Other students also got a lot out of the traffic gloves STEM challenge. “I really enjoyed this project,” shares Elsie Trilling ’26. “It was the first project where we were sort of on our own without the help of Ms. Hrastich. At some points it seemed like it was impossible and that the teachers were just tricking us to see how far we’d get. This project was full of trial and error, many errors, but also things that worked which helped us get closer to finally getting it right. I noticed that not a single person gave up when it wasn’t easy and that our whole class figured out how to make it work. This was a reflection on what we could do with our knowledge from the past unit on circuits. When we were first shown what we were going to make, our expressions consisted of many people saying, ‘What? No way!’ Little did we know, the prior knowledge Ms. Hrastich had taught us was more than enough. This project made me realize that even if something seems impossible at first, there’s always something in our knowledge that can help us figure it out. I am very happy we got to do this project, it helped build teamwork with our classmates and it was so much fun working through it and of course finally getting it to work at the end!”

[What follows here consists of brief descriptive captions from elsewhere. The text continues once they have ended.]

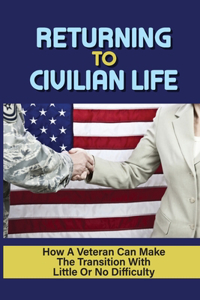 Returning To Civilian Life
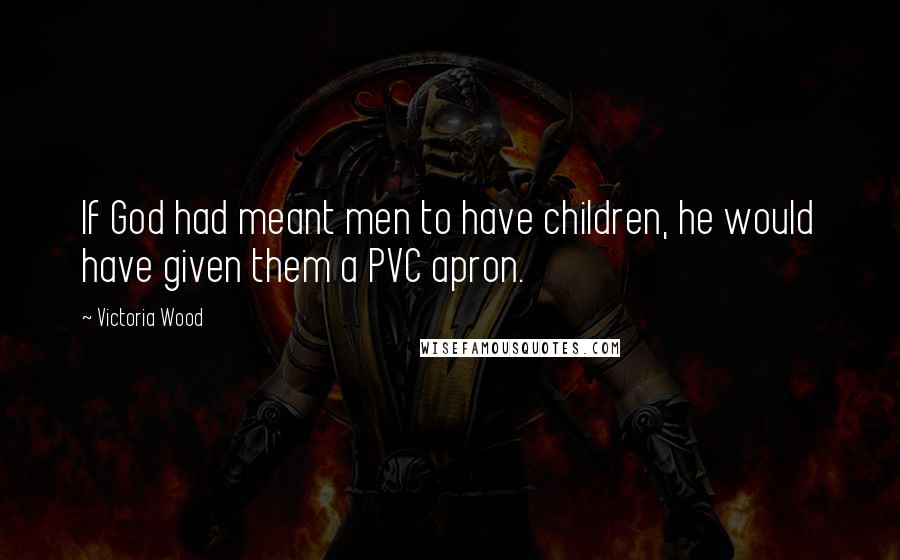 Victoria Wood Quotes: If God had meant men to have children, he would have given them a PVC apron.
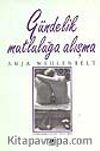 Gündelik Mutluluğa Alışma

Olivia Hill ’26 also liked the project. “We learned something new while having fun. It was definitely challenging and involved a lot of creative thinking and good communication, thus I thought everyone had lots of fun figuring out the process of making it and they all worked especially well with their partners. Through this project, we learned to never give up no matter how many mistakes are made. In the beginning, our teacher did not provide any detailed guidance, however, we thought about it over a couple of days and eventually succeeded. We learned to think independently and creatively while applying scientific knowledge to this project.”

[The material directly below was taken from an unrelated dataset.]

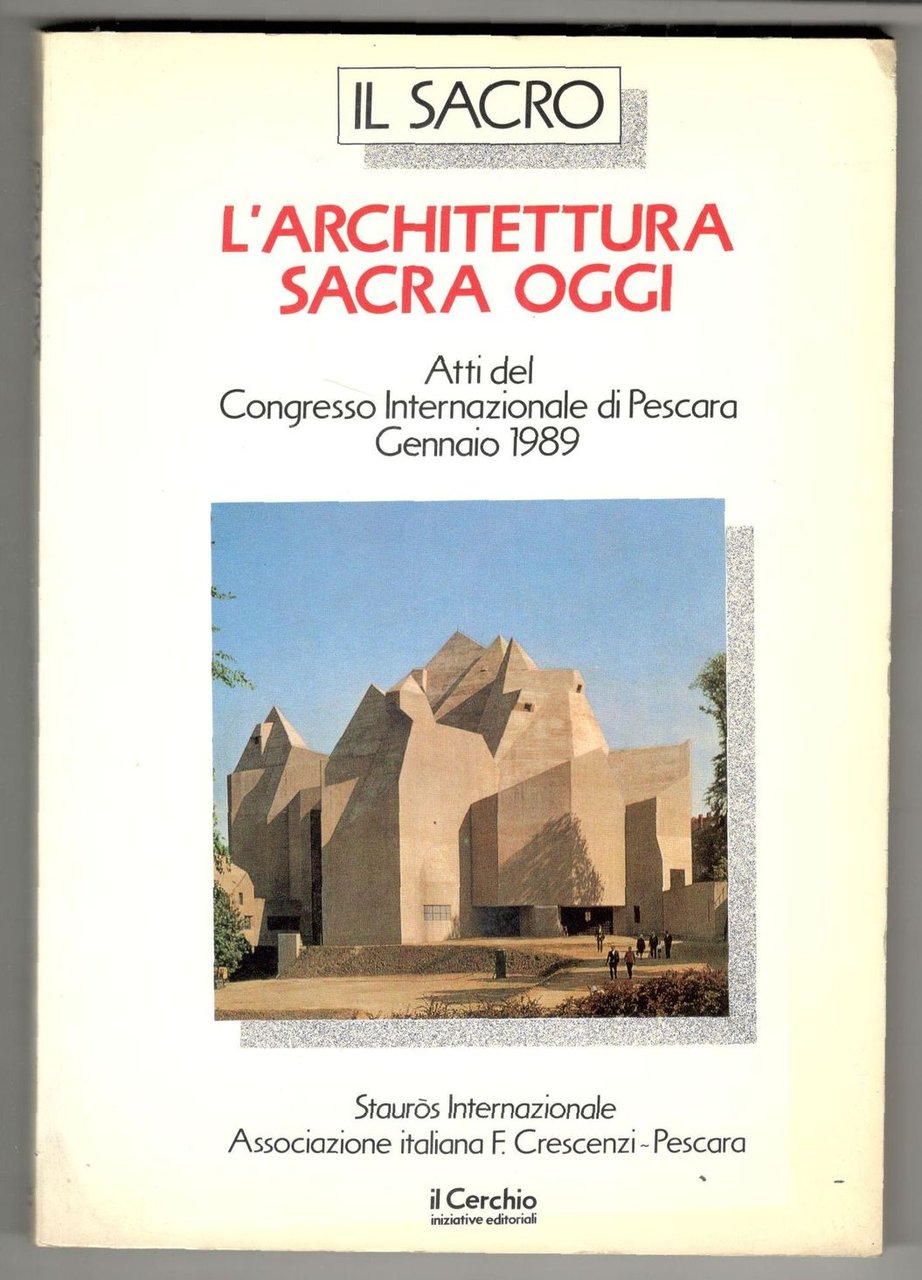 Il Sacro. L'architettura sacra oggi. Atti del convegno di Pescara …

This was a fun project that allowed students to use what they learned in class to create a device that could be used in the real world. They also had a chance to fail, problem solve, and redo their prototypes multiple times. “The ability to bounce back and try again after failure in science, and in life, is crucial for students to learn,” explains Hrastich, “and I think this project helped them practice that skill.” Way to build those traffic gloves and resiliency skills, eighth-grade Rams!